Alljährlich wird bei der Frühjahrsbegehung festgestellt, wo welche Frostschäden aufgetreten sind, wo es am meisten brennt. "Wenn wir im Norden fertig sind, können wir im Süden wieder anfangen", beschreibt Lucia die Arbeit der insgesamt 14 Steinmetze in der Dombauhütte, von denen sie nicht nur die Jüngste ist, sondern auch die einzige Frau, denn die sind im Steinbildhauerhandwerk eher die Ausnahmen – gerade mal zwei von 20 Teilnehmern waren es in ihrer Ausbildung.

"Ich komme gut aus mit den Kollegen, es ist angenehm, mit Männern zusammen zu arbeiten", sagt sie, "es herrscht eine lockere Atmosphäre". Die Gesprächsthemen seien allerdings etwas beschränkt, fügt sie lächelnd hinzu. Zunächst hatte die zierliche junge Frau nur einen befristeten Vertrag erhalten, der dann verlängert wurde. Nach dem Besuch der Meisterschule in Freiburg, wurde Lucia dann auf einer Weihnachtsfeier erneut für die Dombauhütte angeheuert, diesmal fest angestellt. Ob sie ihr ganzes Berufsleben hier bleiben will, wie einige der Kollegen, weiß sie jetzt allerdings noch nicht. Nebenbei besucht Lucia nämlich die Akademie der Bildenden Künste in München, wo sie bei Professor Nikolaus Gerhart studiert.

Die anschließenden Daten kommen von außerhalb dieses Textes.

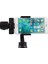 UM100 Kit-5 Ultra Kompakt Iphone Ios Için 1 Alıcı 1 Vericili Uhf Kablosuz Yaka Mikrofon Seti 2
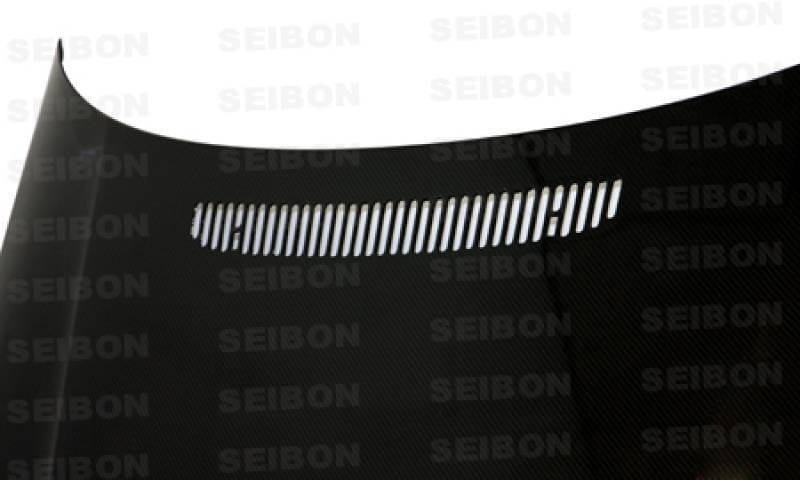 Seibon Carbon HD0205BMWE462D-OE Seibon 02-05 BMW E46 2dr OE Carbon Fiber Hood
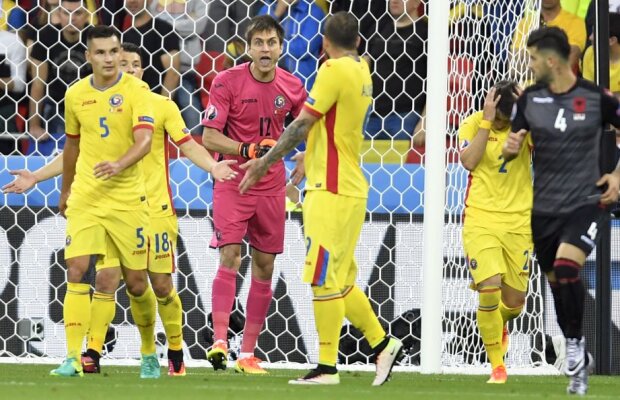 Tolontan după eliminarea României de la EURO » Am înghețat la 30 de grade!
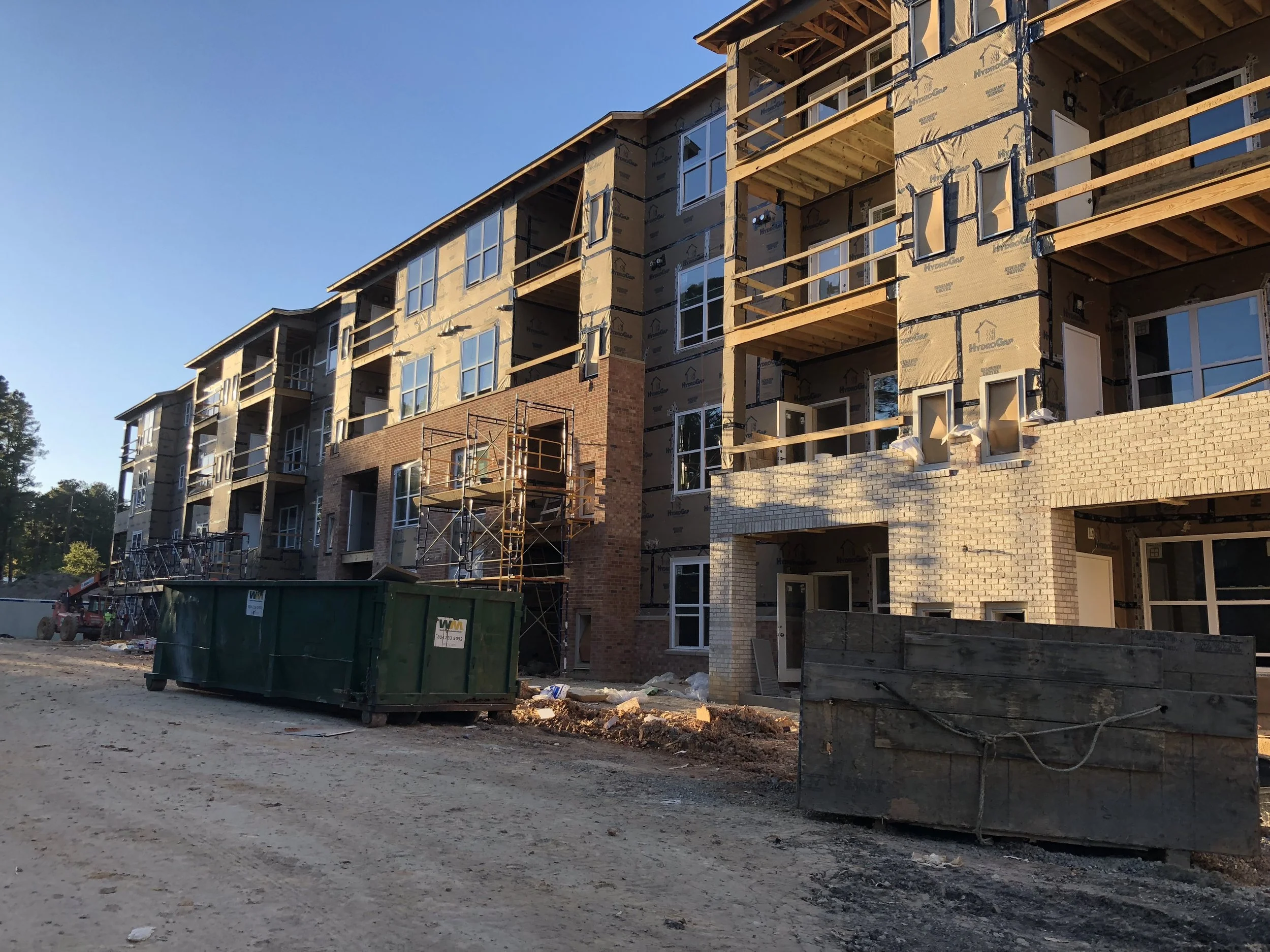 Carriage Hill Independent Living Moves Forward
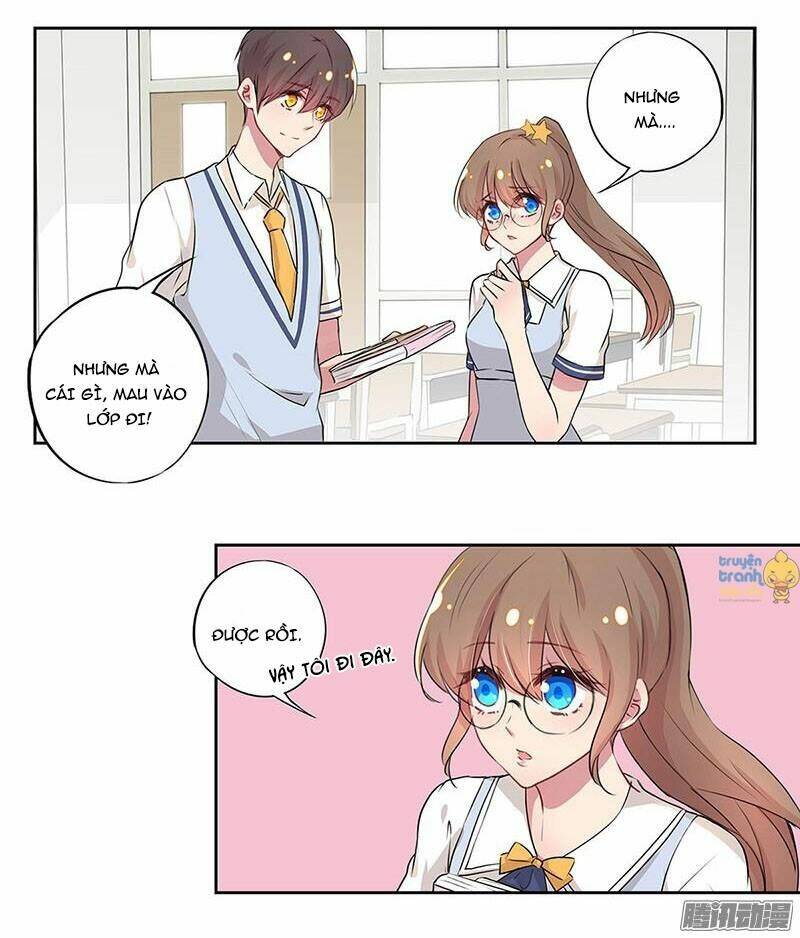 Bá Đạo Hiệu Thảo Đích Duệ Nha Đầu: Chapter 22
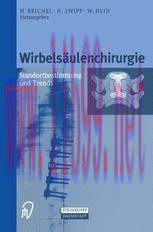 [PDF]Wirbels&auml;ulenchirurgie: Standortbestimmung und Trends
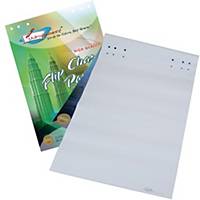 Writebest Flipchart Paper Pad 58.5 X 87.5CM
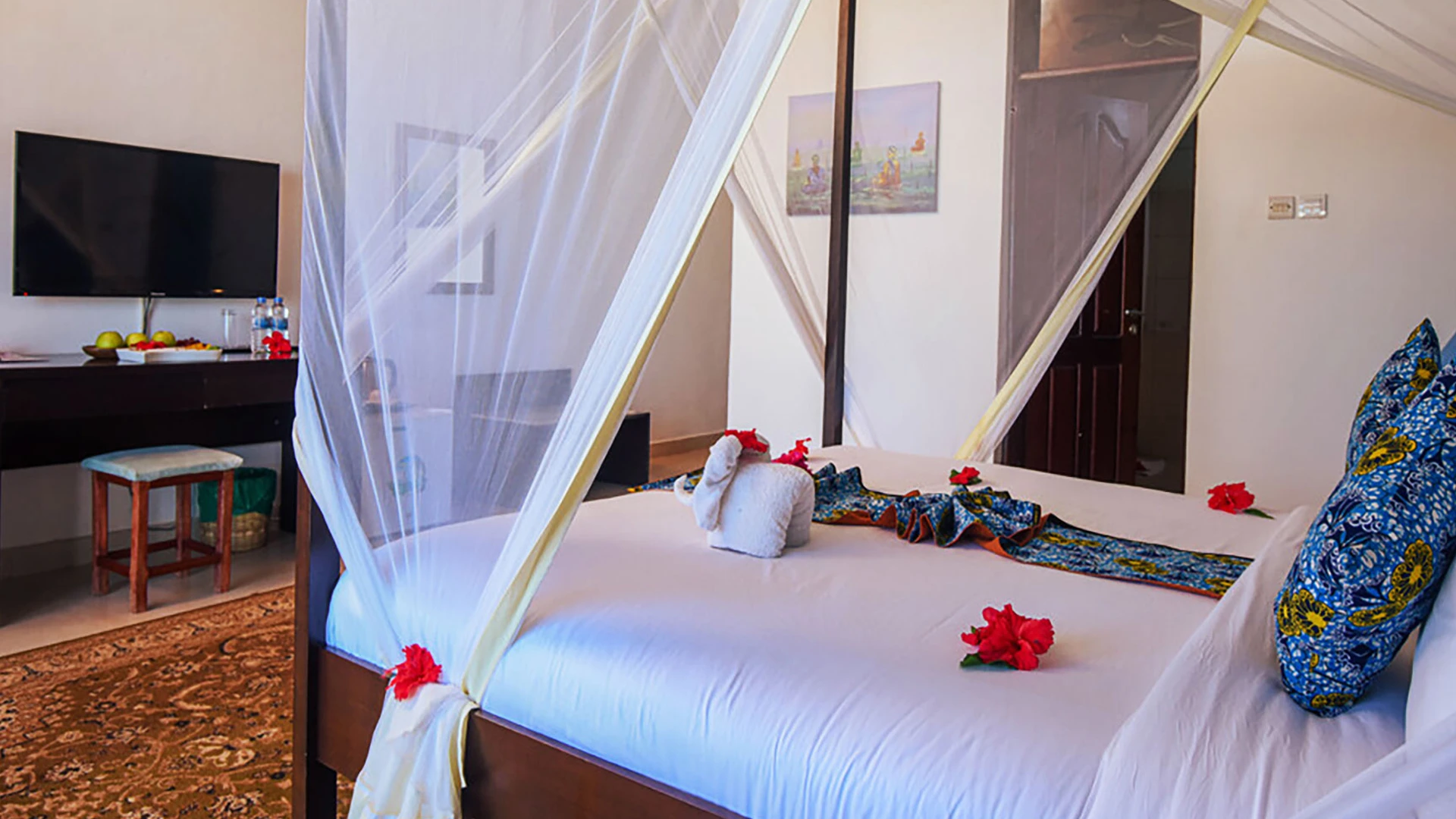 Azao Resort and Spa – ПОЧИВКА В ЗАНЗИБАР - бижуто на Африка - чартър от Пловдив - 7 нощувки – 9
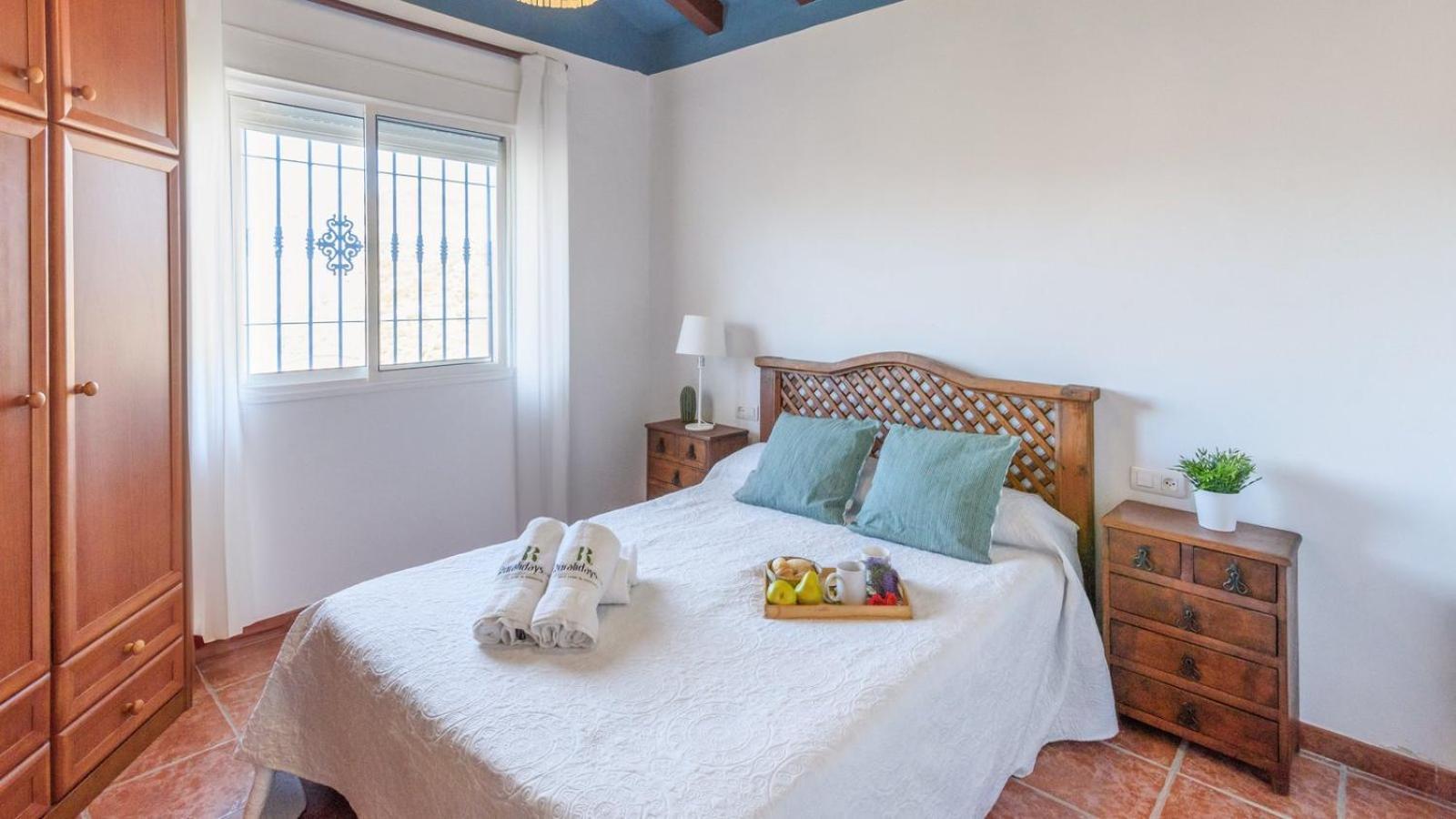 Villa Manolo Torrox By Ruralidays Zewnętrze zdjęcie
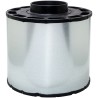 baldwin pa2831, replacement for ecolite air element in disposable housing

Den Heiligen Matthäus hat die Witterung im Laufe der Zeit das Gesicht gekostet. Niemand weiß, wie seine Züge einst aussahen. "Die Konturen waren nur noch zu erahnen, alle Feinheiten waren weg", erzählt die junge Frau. Deshalb gab es einen kleinen Wettbewerb unter den Steinbildhauern der Dombauhütte. Am Ende setzte sich Lucias Modell gegenüber den beiden Mitbewerbern durch, weil er "in der Fernwirkung am gotischsten erschien", so die Begründung der Jury. Die Fernwirkung gab den Ausschlag, schließlich soll der Apostel ja wieder zurück an seinen Stammplatz mehrere Meter über dem Hauptportal. Eng zusammen arbeitet die Bildhauerin hier mit Bamberger Kunsthistorikern. Ziel ist, möglichst nahe am Original zu bleiben, dabei aber neuzeitliche Elemente einfließen zu lassen. Auf jeden Fall wird Matthäus abstrahierter in den Zügen werden als sein gotisches Vorbild.

"Und Thaddäus liegt im Kielwasser", wirft Karl Heinz Torge ein. Denn natürlich soll die Zwillingsfigur vom gleichen Künstler geschaffen werden – auch den Heiligen Thaddäus wird also einst das an germanische Runen erinnernde Bildhauerzeichen der Lucia Torge zieren. Ein Zeichen, das aus je einem L und einem T besteht, die gemeinsam ein Quadrat mit Fortsätzen bilden.

So etwa ein Jahr lang, meint die Künstlerin, werde sie noch mit den beiden Figuren zu tun haben, denn alles wird in Handarbeit mit Meißel und Holzfäustel herausgearbeitet. Mit der Flex ginge es natürlich viel schneller, widerspräche aber der Philosophie der Dombauhütte, die auf ursprüngliches Handwerk setzt.

Einige Preise hat Lucia Torge in ihrer noch jungen Karriere gewonnen, so vor sieben und acht Jahren den 3. Dannerpreis, 2003 den 1. Dannerpreis, zudem stellte sie unter anderem in Laas und Freiburg aus. Ihr jüngster Erfolg ist die Teilnahme an der Bundesgartenschau in Schwerin. Mit ihrem Entwurf qualifizierte sie sich beim Wettbewerb "Grabgestaltung und Denkmal", für den 148 Arbeiten eingereicht wurden. "In jedem Ende liegt auch ein Anfang", so fasst sie zusammen, was die an einen stilisierten Ammoniten erinnernde Figur ausdrücken soll – eine für einen Grabstein passende Botschaft, die offenbar die Jury überzeugte.